EXERCISE DESCRIPTION: Please set down every line of the records below exactly, without the pictures.

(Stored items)
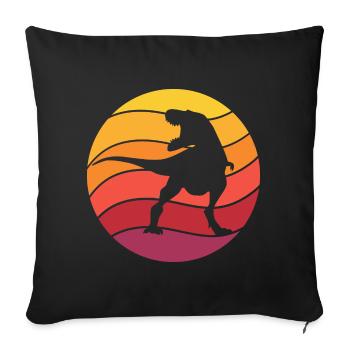 Dinosaure Rétro Style Vintage - Housse de coussin décorative 45 x 45 cm - noir - Devant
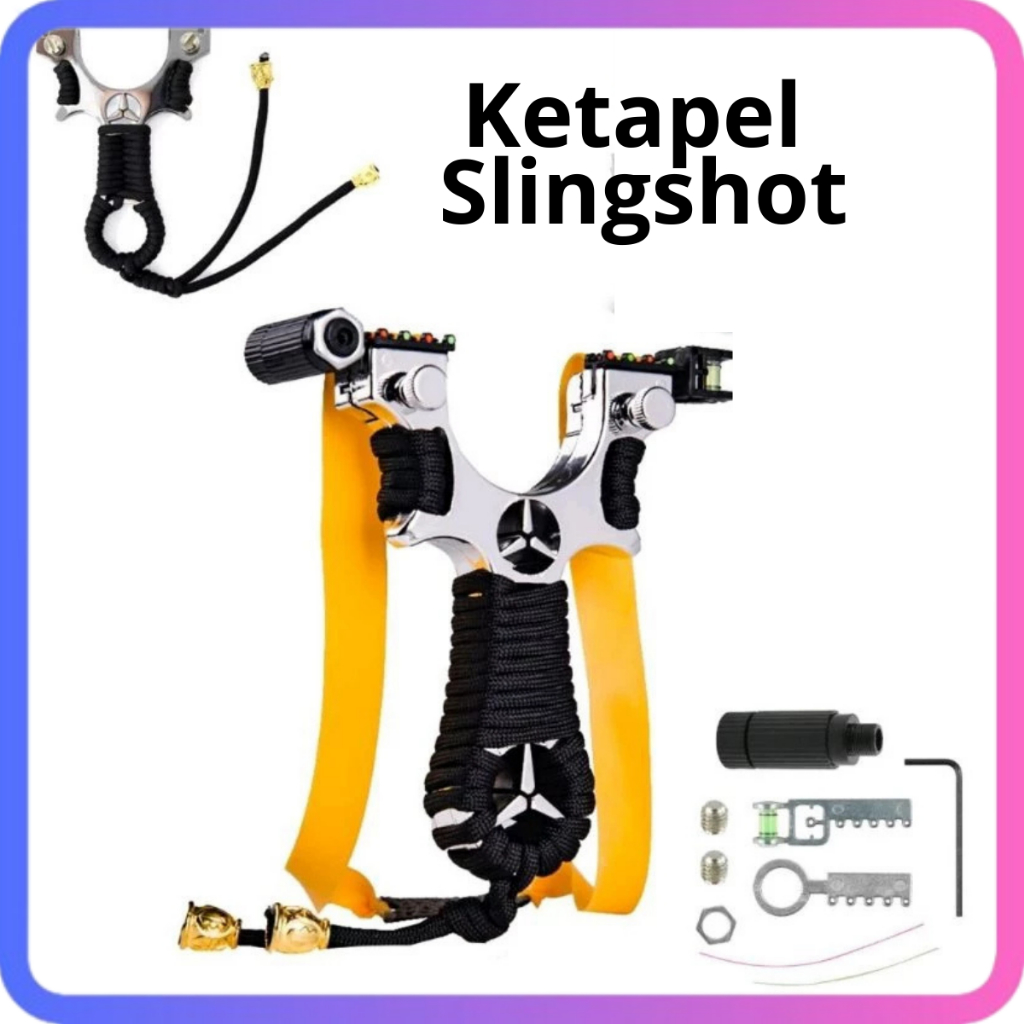 Ketapel LASER Slingshot Hunting Catapult Mercedes Stainless Steel Slingshot With Rubber Band Laser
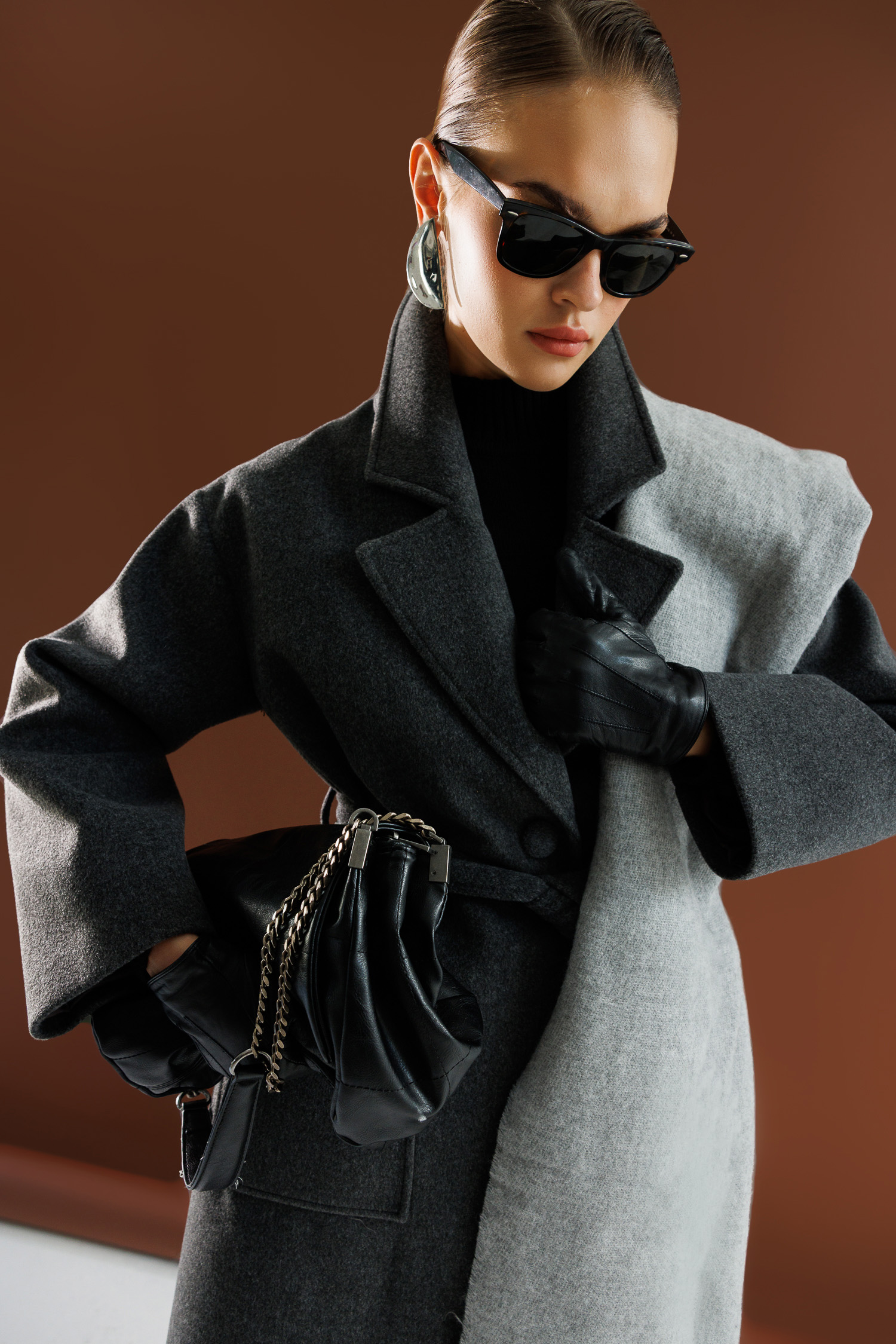 Mizalle - Mizalle Yünlü Kaşe Doku Torba Cepli Basic Antrasit Kaban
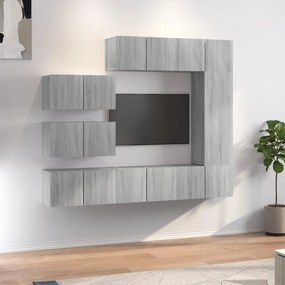 vidaXL Σετ Επίπλων Τηλεόρασης 8 Τεμ. Γκρι Sonoma Επεξεργασμένο Ξύλο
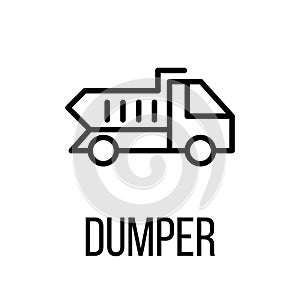 Dumper icon or logo in modern line style.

RESULT OF THE EXERCISE:
 Dinosaure Rétro Style Vintage - Housse de coussin décorative 45 x 45 cm - noir - Devant
 Ketapel LASER Slingshot Hunting Catapult Mercedes Stainless Steel Slingshot With Rubber Band Laser
 Mizalle - Mizalle Yünlü Kaşe Doku Torba Cepli Basic Antrasit Kaban
 vidaXL Σετ Επίπλων Τηλεόρασης 8 Τεμ. Γκρι Sonoma Επεξεργασμένο Ξύλο
 Dumper icon or logo in modern line style.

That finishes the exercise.